Collected data
--*--

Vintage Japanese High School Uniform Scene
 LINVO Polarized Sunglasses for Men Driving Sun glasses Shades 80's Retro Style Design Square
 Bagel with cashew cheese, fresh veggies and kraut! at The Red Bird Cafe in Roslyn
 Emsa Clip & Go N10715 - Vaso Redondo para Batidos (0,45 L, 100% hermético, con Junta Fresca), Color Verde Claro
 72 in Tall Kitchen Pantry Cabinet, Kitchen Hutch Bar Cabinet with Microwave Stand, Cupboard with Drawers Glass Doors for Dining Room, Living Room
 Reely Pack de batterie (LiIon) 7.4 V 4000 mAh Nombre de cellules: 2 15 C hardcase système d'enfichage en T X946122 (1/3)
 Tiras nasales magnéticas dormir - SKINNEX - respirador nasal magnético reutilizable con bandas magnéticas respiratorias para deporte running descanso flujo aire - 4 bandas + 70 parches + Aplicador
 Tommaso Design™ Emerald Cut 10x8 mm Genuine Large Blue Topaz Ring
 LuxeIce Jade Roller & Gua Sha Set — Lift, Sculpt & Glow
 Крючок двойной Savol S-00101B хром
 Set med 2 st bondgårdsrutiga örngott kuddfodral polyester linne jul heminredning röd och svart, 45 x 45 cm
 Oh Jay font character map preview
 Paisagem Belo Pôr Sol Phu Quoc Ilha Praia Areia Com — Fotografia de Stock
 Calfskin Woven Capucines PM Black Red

--*--

Task goal: Your answer should consist of the lines from the line with "72 in Tall Kitchen" to the line with "Крючок двойной Savol S-00101B хром" above, repeated exactly, both ends included.

Problem solution:
 72 in Tall Kitchen Pantry Cabinet, Kitchen Hutch Bar Cabinet with Microwave Stand, Cupboard with Drawers Glass Doors for Dining Room, Living Room
 Reely Pack de batterie (LiIon) 7.4 V 4000 mAh Nombre de cellules: 2 15 C hardcase système d'enfichage en T X946122 (1/3)
 Tiras nasales magnéticas dormir - SKINNEX - respirador nasal magnético reutilizable con bandas magnéticas respiratorias para deporte running descanso flujo aire - 4 bandas + 70 parches + Aplicador
 Tommaso Design™ Emerald Cut 10x8 mm Genuine Large Blue Topaz Ring
 LuxeIce Jade Roller & Gua Sha Set — Lift, Sculpt & Glow
 Крючок двойной Savol S-00101B хром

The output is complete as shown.